Nah, semenjak kejadian itu, saya penasaran untuk bertemu dan berkenalan dengan penulis esai itu. Belakangan, saya akhirnya berkenalan dengan penulis itu, dan bahkan bukan sekedar kenal, kami akhirnya menjadi kawan karib. Tetapi dengan status, Yusran sebagai sumber ilmu saya.

Bagi saya, Yusran adalah sosok mahasiswa yang sangat unik. Jarang sekali saya dapati seorang mahasiswa yang mempunyai kemampuan selengkap seperti Yusran; Dia penikmat bacaan buku yang akut, pembicara yang fasih serta penulis yang handal. Kami kerap berseloroh, “Jangan biarkan Yusran berbicara atau menulis, karena seorang wanita yang cantik pun akan jatuh cinta”!

***

Dalam catatan saya, tepat hari ini, 13 tahun silam, saya dan Yusran berada di sebuah desa terpencil di Kabupaten Polewali—yang sekarang menjadi bagian Propinsi Sulawesi Barat. Kami harus melewati 7 sungai berjalan kaki sekitar 3 jam untuk mencapai desa ini, untuk sebuah penelitian tentang pendidikan di daerah terpencil.

Di desa yang tak berlistrik dan tanpa kendaraan bermotor ini, siang sepulang penelitian sambil menelusuri jalan setapak , Yusran bercerita tentang keinginan besarnya untuk bisa kelak melanjutkan pendidikan pasca sarjana ke luar negeri. “Semoga kelak saya bisa lanjut sekolah ke luar negeri,” begitu kalimatnya.

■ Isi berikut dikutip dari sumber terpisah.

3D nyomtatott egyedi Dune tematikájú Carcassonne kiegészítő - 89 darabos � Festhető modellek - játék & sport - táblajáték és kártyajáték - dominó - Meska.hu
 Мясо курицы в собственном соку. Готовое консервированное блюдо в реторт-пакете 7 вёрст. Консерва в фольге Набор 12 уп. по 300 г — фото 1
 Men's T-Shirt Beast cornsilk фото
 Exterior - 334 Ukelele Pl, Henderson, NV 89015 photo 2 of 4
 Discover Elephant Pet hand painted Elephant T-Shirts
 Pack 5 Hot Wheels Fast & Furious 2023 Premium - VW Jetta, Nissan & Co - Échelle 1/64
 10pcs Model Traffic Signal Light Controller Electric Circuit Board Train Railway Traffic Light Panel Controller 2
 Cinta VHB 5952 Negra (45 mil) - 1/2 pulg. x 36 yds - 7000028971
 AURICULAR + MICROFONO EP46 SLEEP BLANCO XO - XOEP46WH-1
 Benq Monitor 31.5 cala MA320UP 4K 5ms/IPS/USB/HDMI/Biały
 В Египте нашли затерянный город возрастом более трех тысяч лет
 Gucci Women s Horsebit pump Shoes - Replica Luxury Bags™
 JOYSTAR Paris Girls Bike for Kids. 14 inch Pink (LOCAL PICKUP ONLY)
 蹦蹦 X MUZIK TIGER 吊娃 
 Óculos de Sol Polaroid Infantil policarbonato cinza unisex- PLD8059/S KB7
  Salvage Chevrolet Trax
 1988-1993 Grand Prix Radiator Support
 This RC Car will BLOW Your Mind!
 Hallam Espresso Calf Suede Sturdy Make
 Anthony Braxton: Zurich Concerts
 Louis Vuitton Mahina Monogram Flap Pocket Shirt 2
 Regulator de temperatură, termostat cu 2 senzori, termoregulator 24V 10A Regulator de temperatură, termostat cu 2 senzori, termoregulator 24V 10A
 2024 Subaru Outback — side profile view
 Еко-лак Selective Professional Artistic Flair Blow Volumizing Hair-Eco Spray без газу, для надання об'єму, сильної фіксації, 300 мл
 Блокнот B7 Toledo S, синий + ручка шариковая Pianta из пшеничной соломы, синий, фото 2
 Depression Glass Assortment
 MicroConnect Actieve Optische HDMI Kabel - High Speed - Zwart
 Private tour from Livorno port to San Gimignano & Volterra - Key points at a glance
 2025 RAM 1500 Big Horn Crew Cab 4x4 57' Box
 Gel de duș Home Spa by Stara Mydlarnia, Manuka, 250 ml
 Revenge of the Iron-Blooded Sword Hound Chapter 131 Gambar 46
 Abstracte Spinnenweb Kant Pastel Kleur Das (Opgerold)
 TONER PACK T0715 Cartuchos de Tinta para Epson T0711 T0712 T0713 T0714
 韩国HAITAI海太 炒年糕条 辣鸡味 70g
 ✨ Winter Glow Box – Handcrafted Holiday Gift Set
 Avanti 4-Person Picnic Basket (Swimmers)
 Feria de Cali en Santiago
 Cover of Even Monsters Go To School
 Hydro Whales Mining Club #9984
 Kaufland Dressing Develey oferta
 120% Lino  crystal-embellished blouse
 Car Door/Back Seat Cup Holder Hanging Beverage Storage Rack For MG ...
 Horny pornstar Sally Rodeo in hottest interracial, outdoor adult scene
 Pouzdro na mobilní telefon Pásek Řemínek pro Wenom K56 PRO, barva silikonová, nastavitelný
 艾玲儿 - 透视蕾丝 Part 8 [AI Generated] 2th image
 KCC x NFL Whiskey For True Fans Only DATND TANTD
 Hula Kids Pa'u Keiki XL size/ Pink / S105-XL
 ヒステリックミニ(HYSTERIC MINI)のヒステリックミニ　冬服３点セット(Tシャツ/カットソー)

Sembari berjalan di belakangnya—karena jalan setapak hanya bisa dilalui satu orang—saya amini cita-cita itu dengan sebuah keyakinan; hanya soal waktu kamu kelak akan lanjut sekolah ke luar negeri! Saya percaya Tuhan selalu mengabulkan doa hambanya sepanjang syarat terpenuhinya doa itu telah tercukupi.

Dan, ketika beberapa tahun lalu saya mendapat kabar Yusran akan melanjutkan studi S2 di Amerika, saya langsung tercekat; ada perasaan bahagia, bangga sekaligus iri. Rupanya hari itu Tuhan langsung mendengar keinginan besar seorang pemuda kumal yang kala itu masih gamang akan masa depannya...dan Tuhan pun mendengar sahutan amin dari sosok dekil yang hanya bisa mengamini doa kawanku itu. Kini Yusran Darmawan masih tetap kawan karib saya, tetapi dengen level yang jauh berbeda!